Items from a dataset:
++++

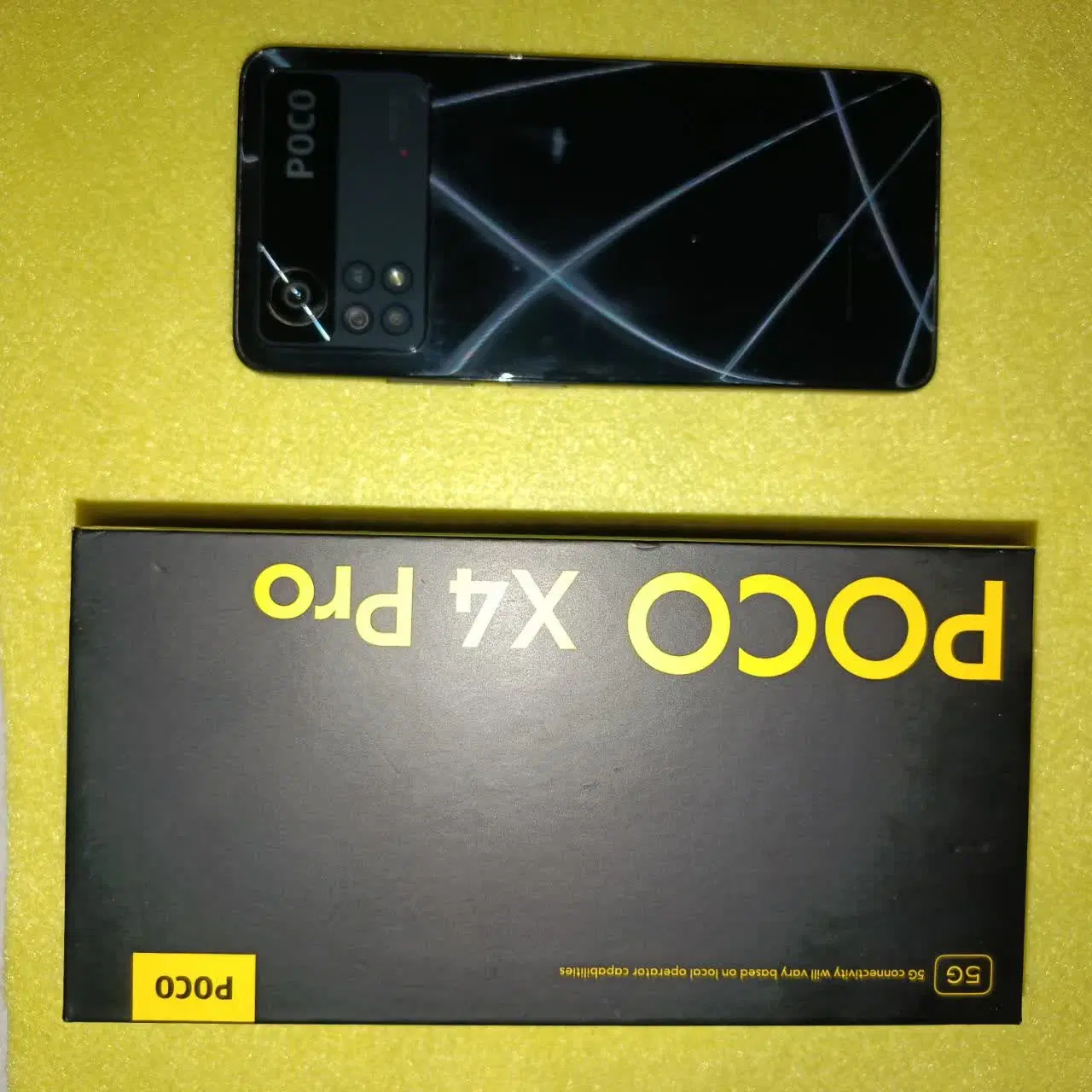 poco x4 pro|موبایل|تهران, شهرک خرازی|دیوار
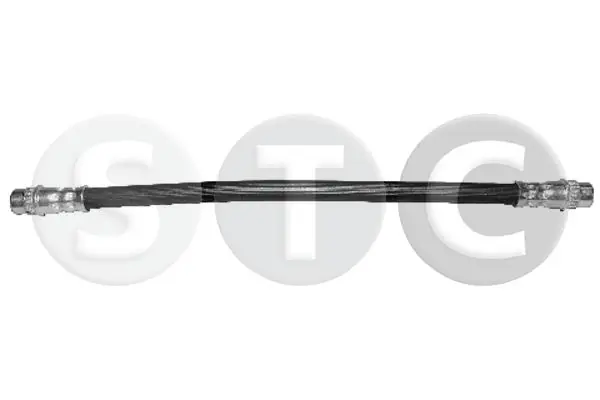 STC fékcső - T496161 - TothCarparts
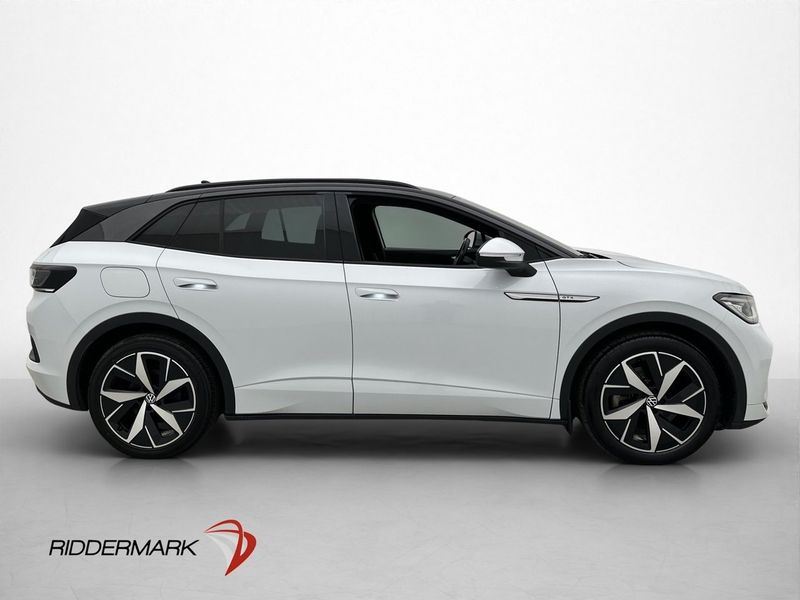 Volkswagen ID.4 bild 9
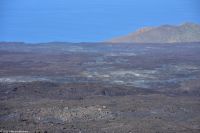 La Palma - Vulkanausbruch im Herbst 2021 - das neue gigantische Lavafeld, dort wo vorher Häuser und Betriebe lagen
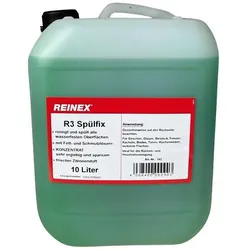 OTTO Office Spülmittel »R3 Spülfix KONZENTRAT Zitrone« 10 L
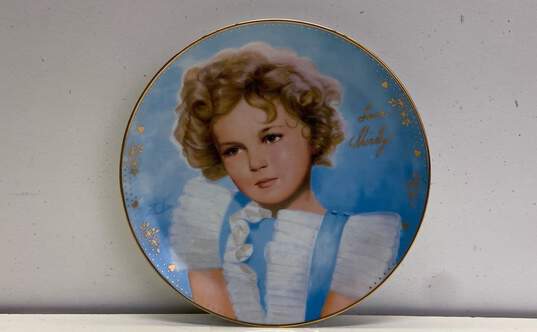 5 Shirley Temple Limited Edition Porcelain Wall Art Collector's Plates image number 5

++++

Extract precisely the lines beginning at the line containing "STC fékcső - T496161 - TothCarparts" and ending at the last line of the entries above, exactly as written and with no pictures.

 STC fékcső - T496161 - TothCarparts
 Volkswagen ID.4 bild 9
 La Palma - Vulkanausbruch im Herbst 2021 - das neue gigantische Lavafeld, dort wo vorher Häuser und Betriebe lagen
 OTTO Office Spülmittel »R3 Spülfix KONZENTRAT Zitrone« 10 L
 5 Shirley Temple Limited Edition Porcelain Wall Art Collector's Plates image number 5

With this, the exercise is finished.